EASTHAM — It’s an unusually warm Saturday in November. The noontime sun shines, and the air is still, when Jim McGrath lets out a turkey call in a remote, wooded part of Eastham.
After about 10 minutes, we walk to a different location. More calls, but no turkeys call back. This goes on for a while longer, before we drive to a different area of town.
We repeat the process, but our midday turkey hunt ends with no success.
The range of fall turkey hunting seasons in Massachusetts depends on where you live. The state is broken into zones. The Outer Cape is in zone 12, where hunters, only using archery equipment, can go after turkeys from Oct. 5 to 17 and Nov. 2 to 28. Shotgun bird hunting is allowed from Oct. 19 to 31. Hunting on Sundays is prohibited.
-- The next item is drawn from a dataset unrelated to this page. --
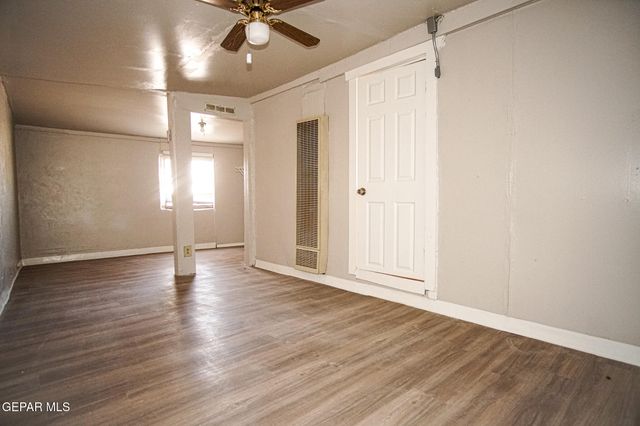 7161 Dale Road 2, El Paso, TX 79915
McGrath and his son Jake hunt turkeys regularly on the Outer Cape during the fall and spring seasons. They also hunt deer off Cape — I traveled with them to Western Mass. for an expedition last year.
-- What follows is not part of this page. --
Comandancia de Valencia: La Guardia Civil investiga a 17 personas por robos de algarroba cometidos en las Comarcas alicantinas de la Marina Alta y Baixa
I have asked Jim to let me follow him around on Saturday, as the turkey season begins to wind down. Every hunter has his own favorite spots, and Jim takes me to two in Eastham near the National Seashore.
Camouflage attire is a must. I am decked out in a camo jacket, hat, pants, face covering, and gloves. Turkeys might not be the smartest animal on the planet, but they’re highly sensitive to movement, so it’s best to be disguised in the woods.
McGrath brings his bow, a decoy turkey, and three different turkey calls to try to get the birds’ attention — diaphragm calls, pot and striker calls, and box calls, each making a slightly different sound. Box calls and pot and striker calls are worked by hand, while diaphragm calls use a piece of U-shaped rubber that’s placed on the roof of your mouth.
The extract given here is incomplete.